Sir Harry Oakes, Maine-born, Bowdoin-bred mining tycoon (Canadian gold) now living in Nassau, where income taxes are 5%. Unlike his colleagues, most of whom are longer on bullishness than on bullion, Sir Harry is so fabulously wealthy that he might well finance the bulk of the bonanza.

>George Creel, California publicist and organizer of public opinion for the Wilson Administration during World War I.

>Others: Frank R. Fageol, president of Twin Coach Co., Crooner Morton Downey, Nassau Real Estate Man Harold Christie, Manhattan Architect John Sloan, Treasurer of the Banco Fiduciario de Mexico John R. O'Connor, Engineer Gustavo L. Trevino of Mexico City, President William O'Neil of General Tire & Rubber Co.

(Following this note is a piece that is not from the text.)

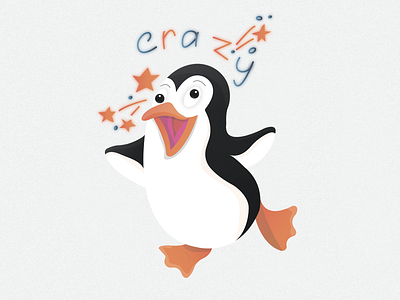 Penguin sticker №3 🐧🔥 (crazy) | Day 3 2020 animal animals branding character cold crazy design emotion ice illustraion illustrator logo mad madness penguin show star stars sticker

Of the mass of opportunists in Mexico City, these strange bedfellows probably knew best what they wanted and how to get it. Pooled, their special talents covered almost every angle of the syndicate's plan: finance, publicity, industrial planning, politics, engineering.

Question last week was whether they would be able to use them. The most important ingredient of all--a benevolent nod from Washington--was nowhere to be seen. If the New Deal has no use for Chip Robert, Avila Camacho has a lot of use for the friendship of the New Deal. It is a good customer for his useless silver. It may, if his negotiations are successful, even become a good customer for Mexico's expropriated oil. In such delicate times, Avila Camacho, for all his hospitality to pioneering principles, would not want to incur Washington's displeasure by letting his country be exploited too fast.